Taking it a step further, perhaps Russia and China have a continued interest in propping up the regime of Bashar al-Assad not because they still hold optimistic views on the positive outcome of the Syrian crisis, but simply because denying Damascus to a new, hostile, and pro-Gulf and pro-Western government may make it less likely that Iran will decide on a strategic capitulation on the nuclear issue that will enable EU and Japanese states and corporations to return to the economic hunt in Iran in competition with Moscow and Beijing.
Perhaps US geopolitical thinkers are looking beyond their success in sowing misery among the regimes and citizens of Iran and Syria and are asking themselves what happens if their half-measures fail to crush these states and replace them with new outfits eager to turn their loyalties and resources to the West?

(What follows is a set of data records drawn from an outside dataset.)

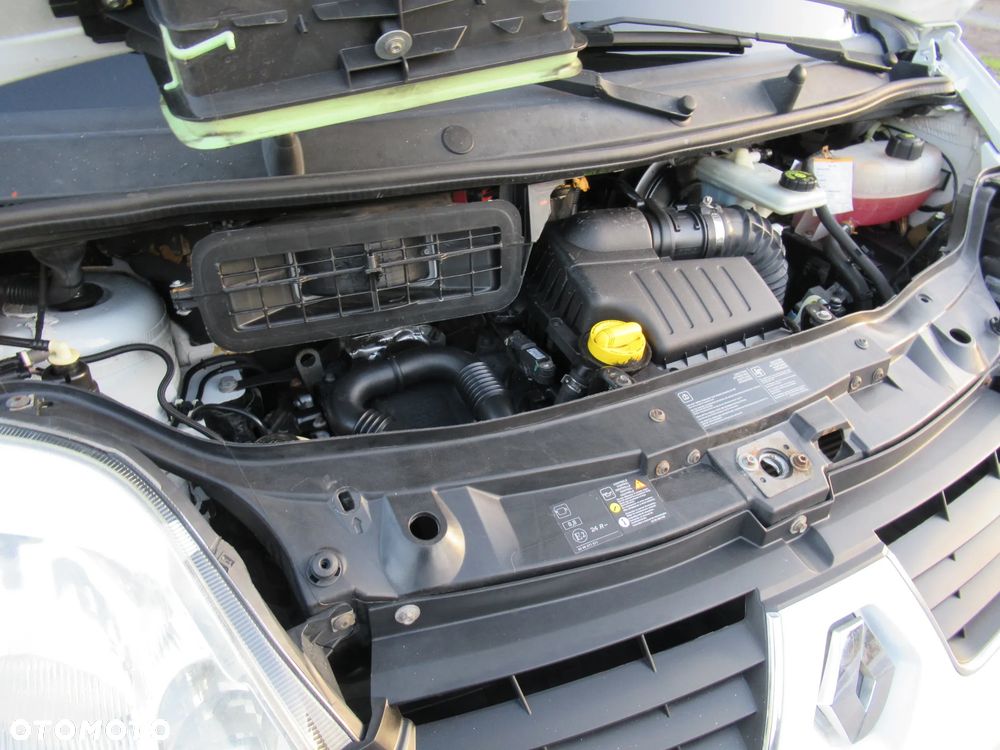 Renault TRAFIC - 15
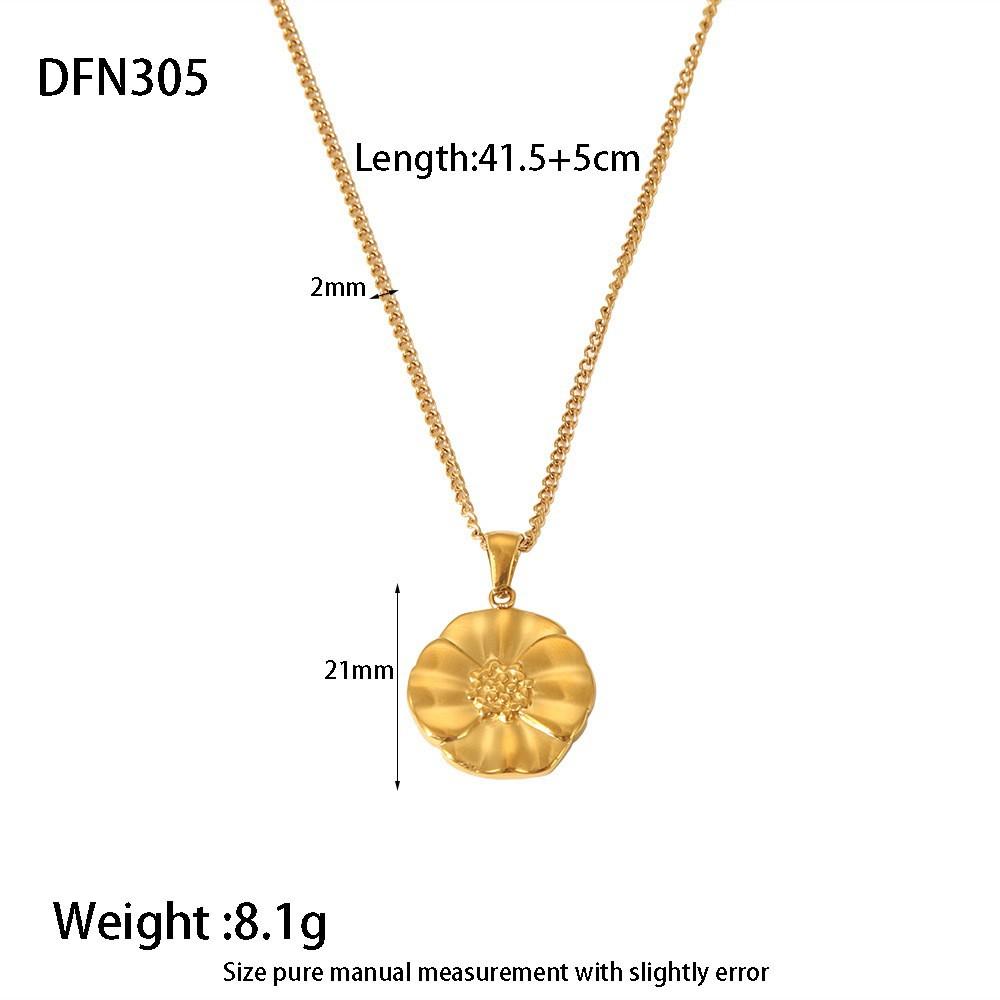 18K gold plated flower necklace stainless steel plum blossom petals pearl collarbone chain ins niche design jewelry women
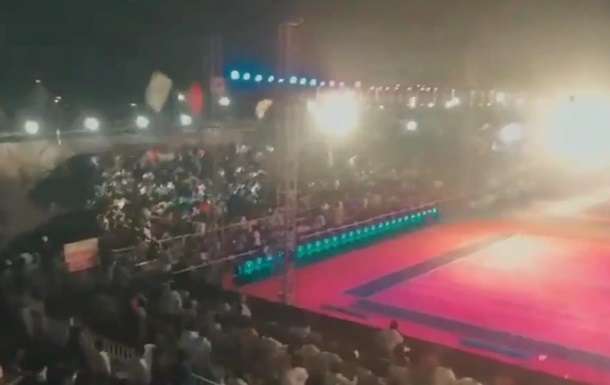 Сотни жертв: в Индии обрушилась трибуна со зрителями 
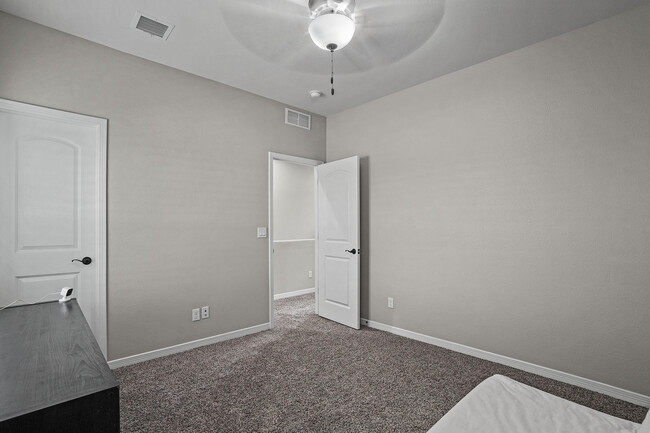 Building Photo - 4567 Marisabel Azcarate St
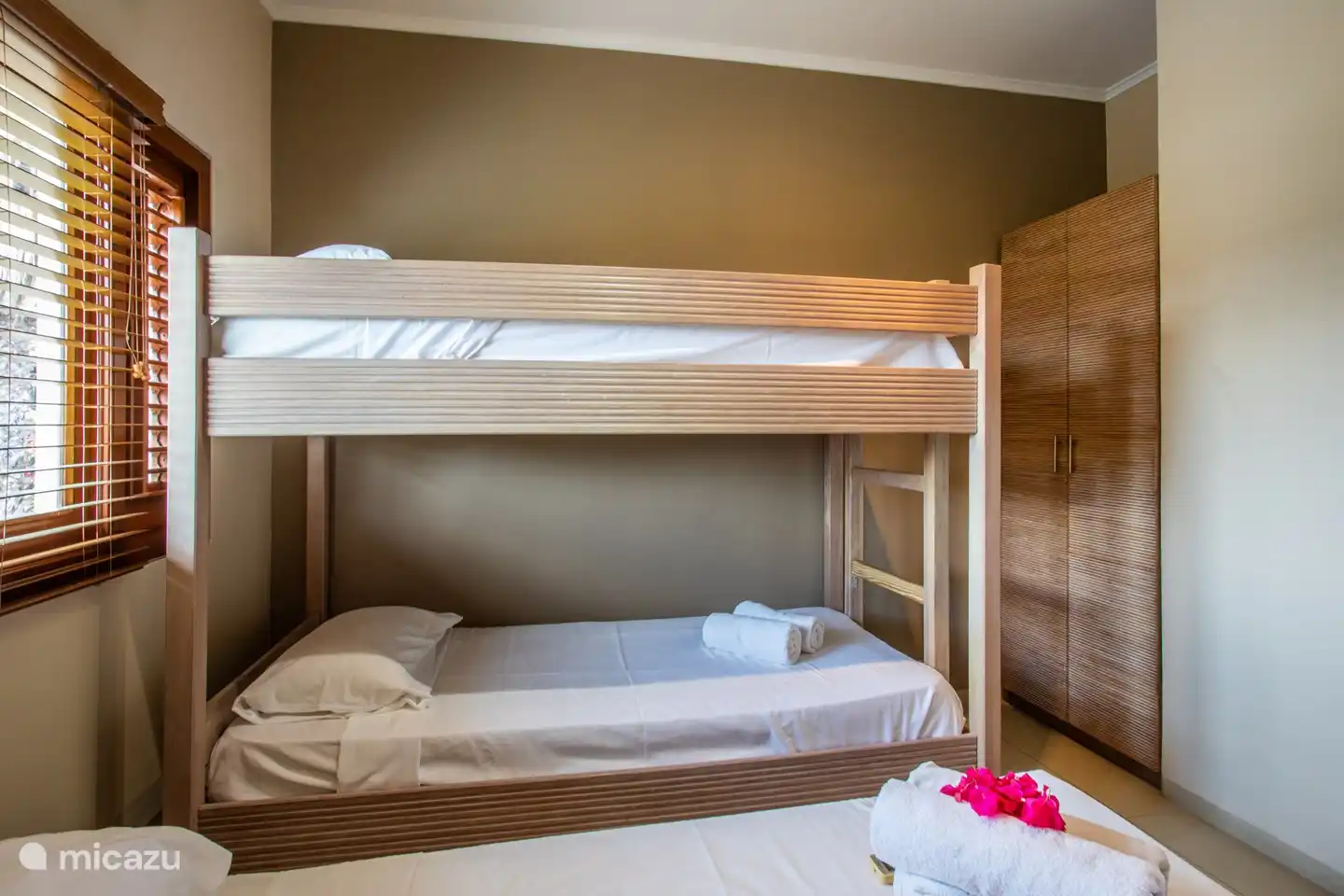 Habitación de huéspedes con aire acondicionado y baño privado.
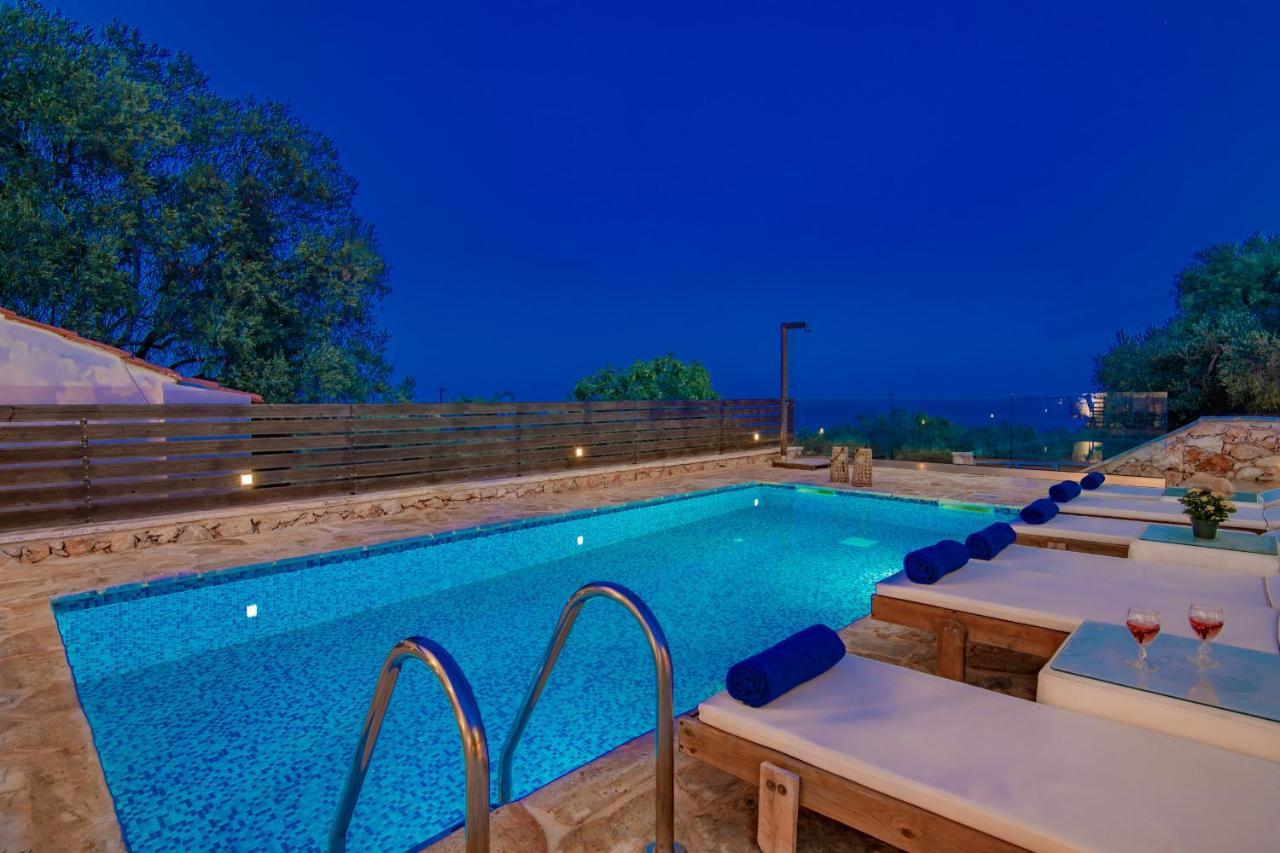 Villa Daniela - Private Pool And Serene Location, By Zantewize Korithion Exterior photo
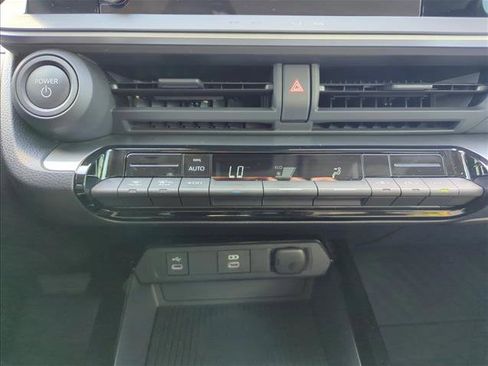 Used 2024 Toyota Prius LE FWD image 11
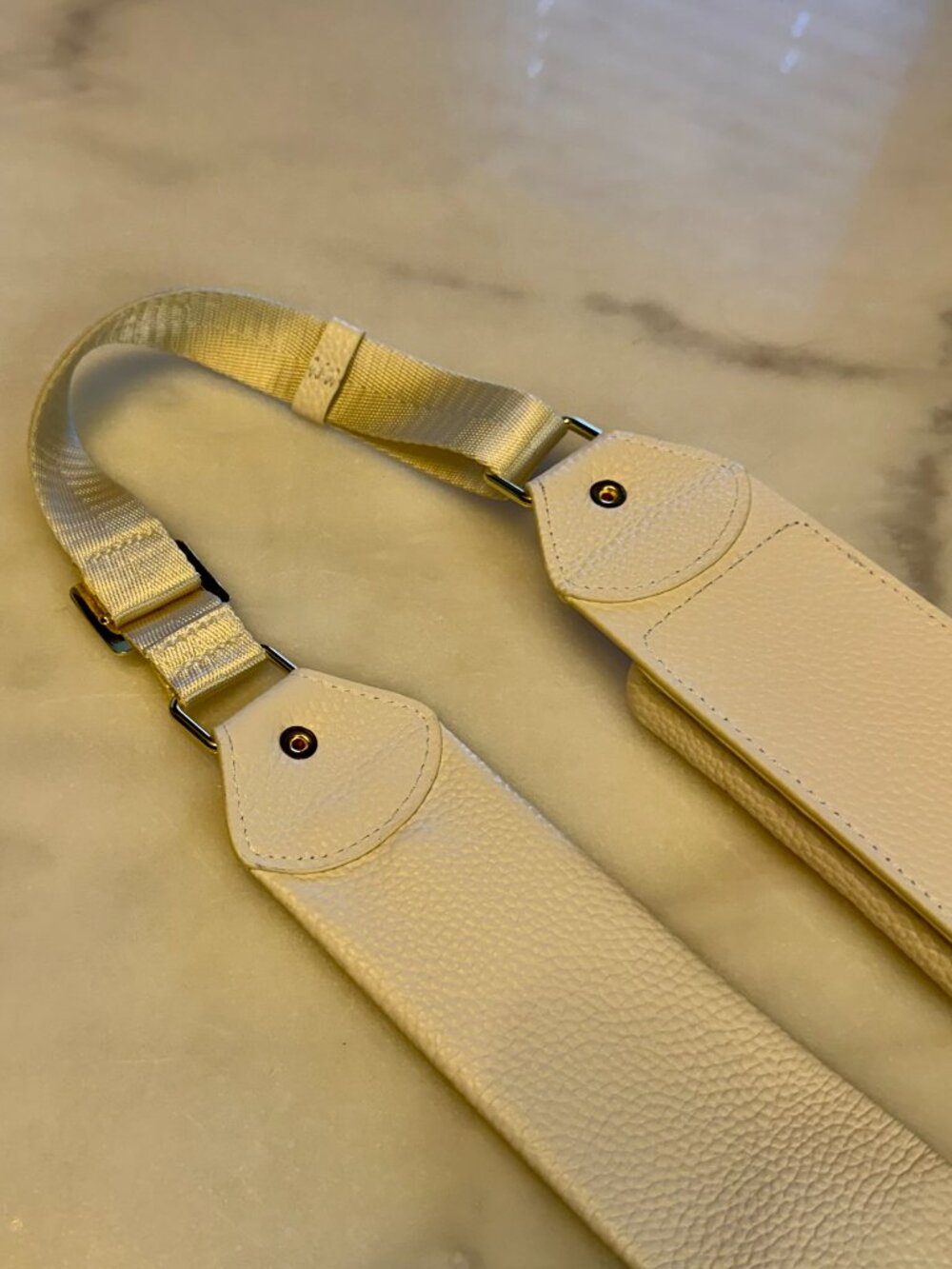 NWT Bandolier Ivory Gold Billie Crossbody Utility Strap Multi Pouch Rare - Picture 7 of 8
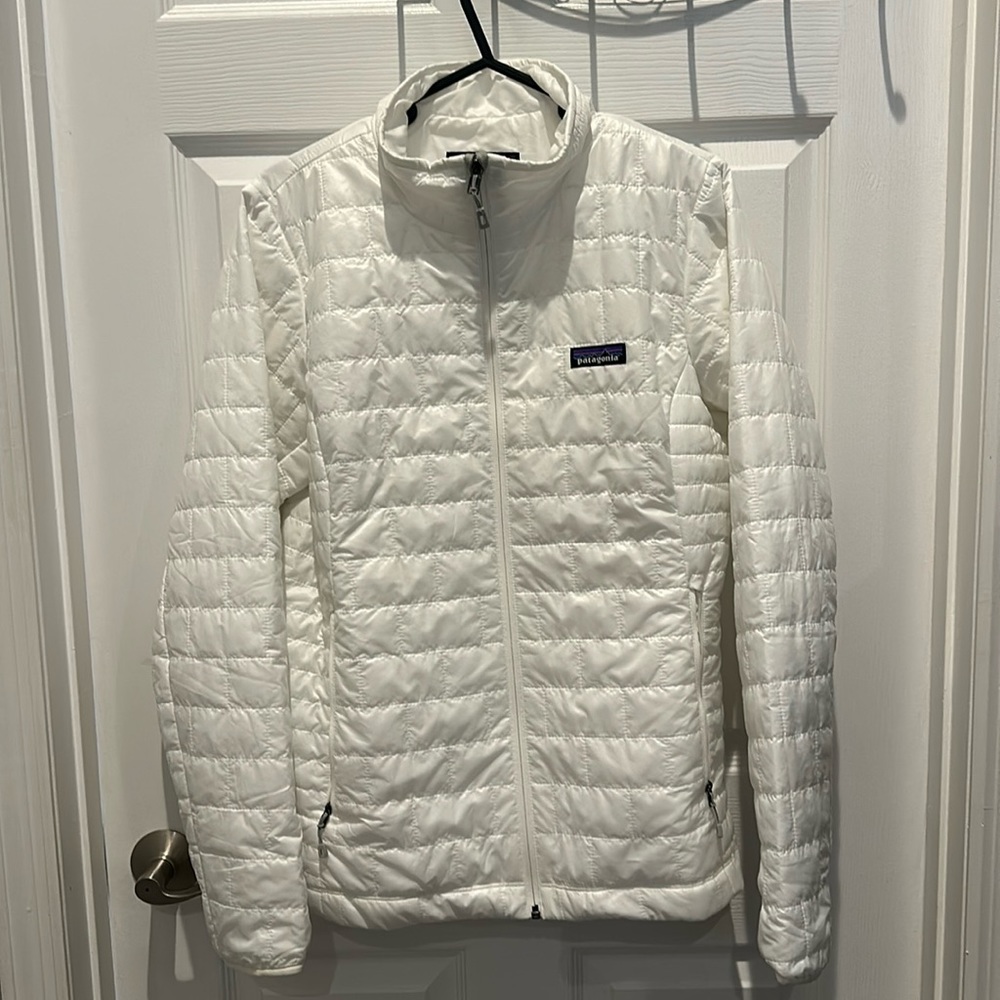 Patagonia Nano Puff Jacket - Women's (Birch White - size Large)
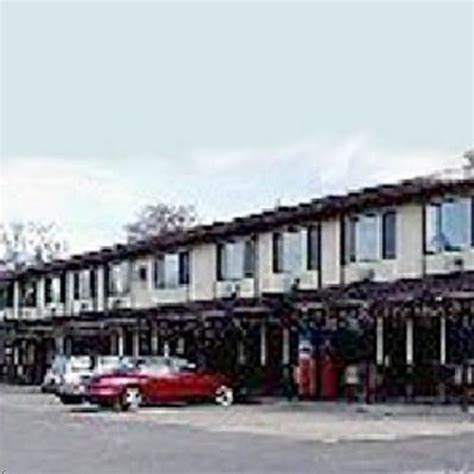 Bayview Inn Budget Host Polson Polson Montana Hotel Reservations | Hotel montana, Hotel ...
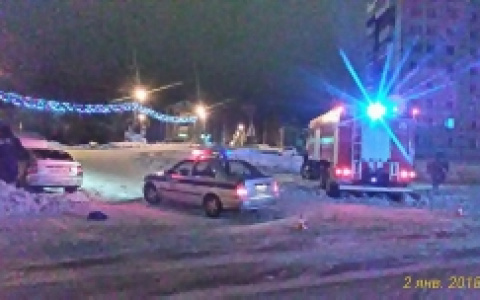 В Коми пьяный лихач на чужой машине врезался в городскую стелу, погиб пассажир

The simplest answer is not the prettiest: recognizing that sanctions, in the most important cases of Iraq, Libya, Cuba, North Korea, and Iran have yet to destroy an anti-Western regime unless followed up by decisive military action.
For the sake of the people of Syria and Iran, maybe we should hope that America's military planners are as smug and blind as - with my sincerest regrets and apologies - Nicholas Kristof.